■ **Required work**
Every line in the listing below from the one with "akkialla King/Cal King" through the one with "AUDI A6 Avant 2.0 TDI-image-9" is to be reproduced exactly, both ends included; leave out the rest.
(Beginning of Given information)
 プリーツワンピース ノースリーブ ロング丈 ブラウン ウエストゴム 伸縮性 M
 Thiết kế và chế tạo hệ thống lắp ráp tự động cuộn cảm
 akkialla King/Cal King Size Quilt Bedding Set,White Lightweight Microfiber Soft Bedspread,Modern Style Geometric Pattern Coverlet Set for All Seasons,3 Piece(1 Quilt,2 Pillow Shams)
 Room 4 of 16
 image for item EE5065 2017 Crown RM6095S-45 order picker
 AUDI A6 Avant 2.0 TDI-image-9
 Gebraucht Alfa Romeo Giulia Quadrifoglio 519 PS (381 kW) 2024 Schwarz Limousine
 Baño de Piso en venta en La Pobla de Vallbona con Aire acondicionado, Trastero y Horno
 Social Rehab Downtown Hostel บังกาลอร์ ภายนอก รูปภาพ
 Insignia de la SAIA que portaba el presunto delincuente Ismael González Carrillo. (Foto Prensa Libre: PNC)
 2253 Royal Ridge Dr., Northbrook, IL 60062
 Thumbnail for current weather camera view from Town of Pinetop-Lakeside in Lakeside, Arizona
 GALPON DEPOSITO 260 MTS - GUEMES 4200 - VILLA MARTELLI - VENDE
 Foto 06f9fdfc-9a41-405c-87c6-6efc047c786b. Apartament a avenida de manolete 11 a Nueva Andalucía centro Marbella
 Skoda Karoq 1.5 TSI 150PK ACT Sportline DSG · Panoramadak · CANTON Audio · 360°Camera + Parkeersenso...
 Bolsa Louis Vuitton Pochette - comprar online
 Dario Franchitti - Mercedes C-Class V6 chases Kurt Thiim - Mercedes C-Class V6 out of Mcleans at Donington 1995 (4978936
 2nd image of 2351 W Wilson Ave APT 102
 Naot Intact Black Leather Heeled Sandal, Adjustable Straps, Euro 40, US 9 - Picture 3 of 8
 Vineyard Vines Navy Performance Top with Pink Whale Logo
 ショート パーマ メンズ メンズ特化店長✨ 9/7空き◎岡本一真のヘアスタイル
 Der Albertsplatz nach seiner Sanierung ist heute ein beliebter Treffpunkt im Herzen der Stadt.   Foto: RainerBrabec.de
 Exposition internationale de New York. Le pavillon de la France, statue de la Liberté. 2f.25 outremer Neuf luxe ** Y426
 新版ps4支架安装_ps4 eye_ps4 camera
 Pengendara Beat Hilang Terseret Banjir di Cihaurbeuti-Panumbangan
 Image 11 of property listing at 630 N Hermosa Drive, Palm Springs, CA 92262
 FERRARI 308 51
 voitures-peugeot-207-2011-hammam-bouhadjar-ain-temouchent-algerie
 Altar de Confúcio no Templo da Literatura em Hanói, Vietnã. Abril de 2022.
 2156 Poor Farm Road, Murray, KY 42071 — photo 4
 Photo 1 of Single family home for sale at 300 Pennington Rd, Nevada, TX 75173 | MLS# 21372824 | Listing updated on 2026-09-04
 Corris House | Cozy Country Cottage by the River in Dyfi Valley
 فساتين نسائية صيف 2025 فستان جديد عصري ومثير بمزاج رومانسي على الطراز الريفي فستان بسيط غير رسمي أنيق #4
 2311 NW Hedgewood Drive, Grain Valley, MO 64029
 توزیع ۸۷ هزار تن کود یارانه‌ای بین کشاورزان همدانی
(End of Given information)
■ **Solution to this problem**
 akkialla King/Cal King Size Quilt Bedding Set,White Lightweight Microfiber Soft Bedspread,Modern Style Geometric Pattern Coverlet Set for All Seasons,3 Piece(1 Quilt,2 Pillow Shams)
 Room 4 of 16
 image for item EE5065 2017 Crown RM6095S-45 order picker
 AUDI A6 Avant 2.0 TDI-image-9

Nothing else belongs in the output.